One of my tasks this summer is to think more seriously about islands, and being on Cyprus and reading some of the recent scholarly work on islands in Byzantium seems to have stimulated this some. Go figure.

(To be clear, I have to write an abstract for a conference on islands by May 30th. In other words, this isn’t just a casual musing.)

So far I have a few observations.

First, Cyprus is a large island. This means that variation across the sites on the island will obscure some of the island’s ability to articulate a distinctly insular identity. In other words, if sites at opposite ends of the island or if a inland site and a coastal site show too much variation, it is reasonable to ask whether they’re on the same island at all. Of course, there are administrative ways that unify Cyprus with the autocephalous status of the Cypriot church being near the top of that list. At the same time, there’s always a certain tension between the idea of Cyprus as a single island rather than as a series of connected cultural, economic, and perhaps even political islets is reasonable.

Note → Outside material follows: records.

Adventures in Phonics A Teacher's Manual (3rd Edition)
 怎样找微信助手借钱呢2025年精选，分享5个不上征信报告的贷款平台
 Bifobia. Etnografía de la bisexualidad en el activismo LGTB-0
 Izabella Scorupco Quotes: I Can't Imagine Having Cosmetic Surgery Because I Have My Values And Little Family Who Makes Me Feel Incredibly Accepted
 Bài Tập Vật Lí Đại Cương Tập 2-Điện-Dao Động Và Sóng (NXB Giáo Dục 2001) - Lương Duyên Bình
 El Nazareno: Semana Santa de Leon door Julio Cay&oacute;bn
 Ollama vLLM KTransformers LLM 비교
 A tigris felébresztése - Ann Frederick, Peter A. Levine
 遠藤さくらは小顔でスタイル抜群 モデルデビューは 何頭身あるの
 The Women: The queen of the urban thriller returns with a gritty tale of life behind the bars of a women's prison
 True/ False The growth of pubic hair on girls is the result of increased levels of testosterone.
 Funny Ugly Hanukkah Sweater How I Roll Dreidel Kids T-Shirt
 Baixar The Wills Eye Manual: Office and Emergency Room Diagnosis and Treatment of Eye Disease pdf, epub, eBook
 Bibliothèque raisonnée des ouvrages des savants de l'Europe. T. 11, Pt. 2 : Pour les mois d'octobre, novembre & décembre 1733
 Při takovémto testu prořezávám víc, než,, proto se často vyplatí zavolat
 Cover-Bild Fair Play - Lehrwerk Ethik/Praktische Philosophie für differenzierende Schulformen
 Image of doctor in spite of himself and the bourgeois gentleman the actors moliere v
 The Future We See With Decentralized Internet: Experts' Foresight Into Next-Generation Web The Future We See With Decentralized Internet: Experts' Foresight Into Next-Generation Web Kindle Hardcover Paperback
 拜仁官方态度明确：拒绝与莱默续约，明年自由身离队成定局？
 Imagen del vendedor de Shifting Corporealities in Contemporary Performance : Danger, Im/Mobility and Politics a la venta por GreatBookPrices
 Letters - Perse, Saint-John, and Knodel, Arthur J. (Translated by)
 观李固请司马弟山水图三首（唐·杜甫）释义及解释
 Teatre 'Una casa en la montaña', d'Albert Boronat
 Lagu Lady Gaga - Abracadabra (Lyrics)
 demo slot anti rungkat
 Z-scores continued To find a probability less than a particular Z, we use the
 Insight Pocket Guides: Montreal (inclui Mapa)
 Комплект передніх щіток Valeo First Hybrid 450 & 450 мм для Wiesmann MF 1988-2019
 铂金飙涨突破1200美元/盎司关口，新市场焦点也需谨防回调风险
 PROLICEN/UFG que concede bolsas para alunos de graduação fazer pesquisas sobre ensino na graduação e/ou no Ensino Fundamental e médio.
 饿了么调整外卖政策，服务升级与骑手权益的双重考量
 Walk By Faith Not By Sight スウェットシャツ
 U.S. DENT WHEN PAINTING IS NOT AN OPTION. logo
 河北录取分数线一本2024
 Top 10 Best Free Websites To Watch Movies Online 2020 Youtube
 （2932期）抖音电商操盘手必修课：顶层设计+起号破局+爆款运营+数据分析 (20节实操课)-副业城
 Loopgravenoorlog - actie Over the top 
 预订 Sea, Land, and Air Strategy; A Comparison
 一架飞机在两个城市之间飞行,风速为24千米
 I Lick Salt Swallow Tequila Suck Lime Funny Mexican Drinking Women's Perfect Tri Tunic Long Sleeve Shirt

Second, islands in the Early Byzantine period inevitably require us to attempt to synthesize the patchy and complicated history of settlement change during these centuries. With several exceptions, areas in Cyprus that were urbanized in antiquity tend to remain so today making it difficult to unpack the process of urban change in the Early Byzantine period. Cyprus has enjoyed rather extensive research in its rural areas, but so far, this work has only offered fleeting glimpses of the process of rural change over the 6th to 9th centuries. For better or for worse, archaeologists will have to write settlement history at any scale through proxies and comparisons rather than on the basis of direct evidence. 

Third, the obscurity of rural change and the challenges of understanding urban change on Cyprus has much to do with our inconsistent understanding of the material culture of these centuries. In particular, our ceramic chronologies continue to require refining and the relationship between various classes of small finds – coins, lamps, pots, seals, et c. – has to continue to inform critically our understanding of architecture, settlement, and regional and island wide change.

Fourth, while the study of islands has always involved attention to the place of human society within the environment, recent attention to the environment in a Mediterranean context has brought a new sense of sophistication and historical context to changes in climate. For Cyprus, for example, historical variability in rainfall either on the island or in the larger region can have dramatic impacts on agricultural production and the place of the island within the regional economy. It’s not just agricultural productivity and shifts in climate, of course, but also understanding how various external influences refract through the distinctive environmental resources available to island communities.

All this points to the larger question that’s clogging my head as I think about Cyprus and insularity: how does thinking of Cyprus as an island produce new ways of understanding the Cypriot and Mediterranean past? What does insularity bring to the the interpretative table for Roman and Byzantine antiquity?